■ What you should do ■
Write the whole listing out again, word for word.

■ Supplied data ■
§

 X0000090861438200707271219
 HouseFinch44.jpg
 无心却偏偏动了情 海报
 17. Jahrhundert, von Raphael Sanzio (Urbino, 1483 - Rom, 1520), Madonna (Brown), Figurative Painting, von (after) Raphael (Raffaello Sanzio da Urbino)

§

■ Response to this task ■
 X0000090861438200707271219
 HouseFinch44.jpg
 无心却偏偏动了情 海报
 17. Jahrhundert, von Raphael Sanzio (Urbino, 1483 - Rom, 1520), Madonna (Brown), Figurative Painting, von (after) Raphael (Raffaello Sanzio da Urbino)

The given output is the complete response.